▸ Excerpted data:

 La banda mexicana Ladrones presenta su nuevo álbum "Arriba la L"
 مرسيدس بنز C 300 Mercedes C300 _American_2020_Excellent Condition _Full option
==
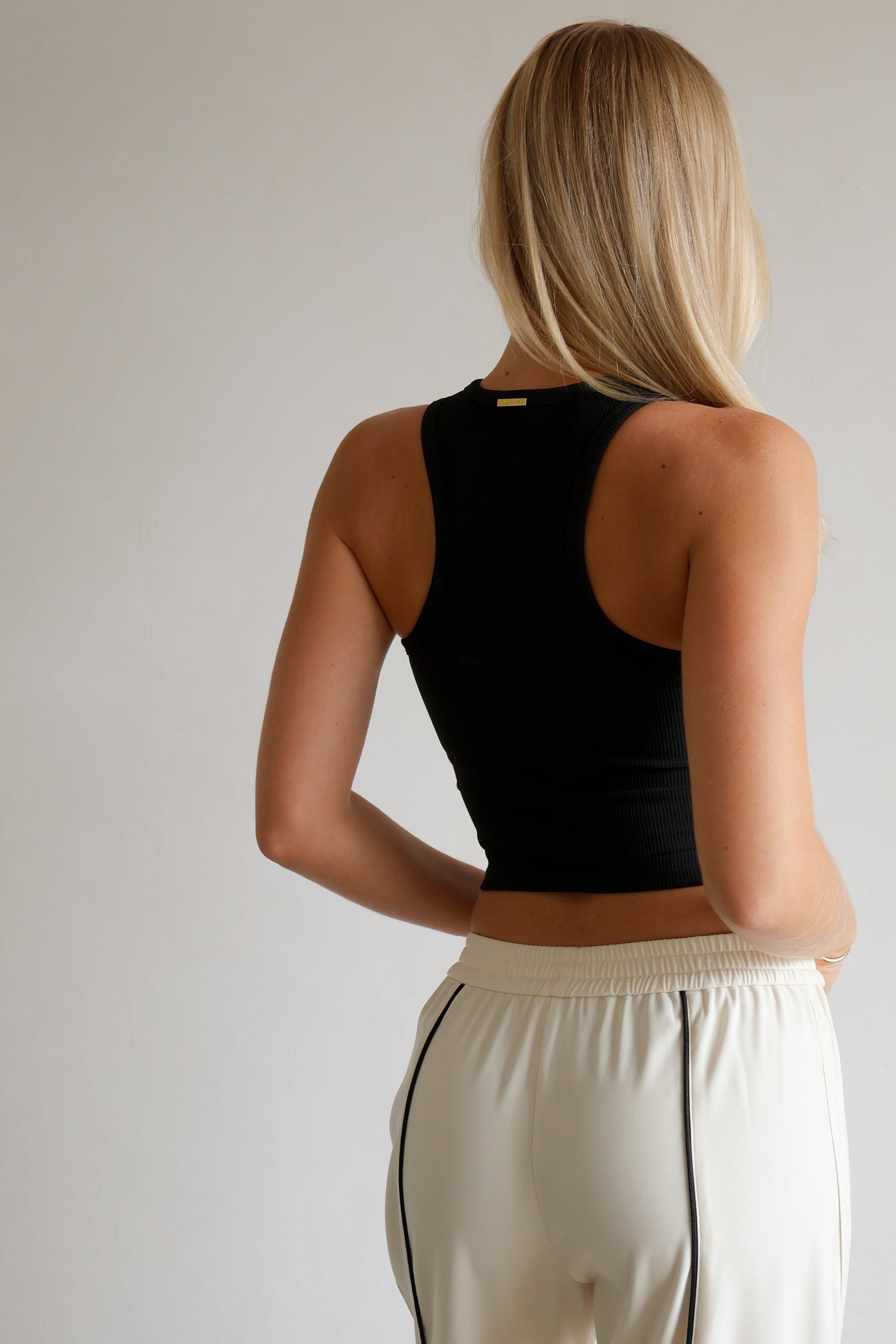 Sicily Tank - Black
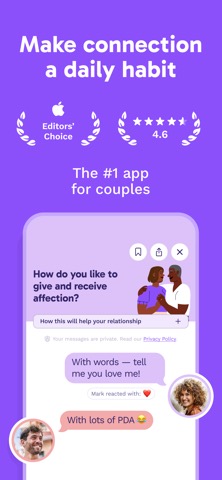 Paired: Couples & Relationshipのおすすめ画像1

▸ Problem to work on: Set down exactly the lines of the data above, beginning with the line that has "La banda mexicana" and ending with the line that has "مرسيدس بنز C", and no others.

▸ Answer space:
 La banda mexicana Ladrones presenta su nuevo álbum "Arriba la L"
 مرسيدس بنز C 300 Mercedes C300 _American_2020_Excellent Condition _Full option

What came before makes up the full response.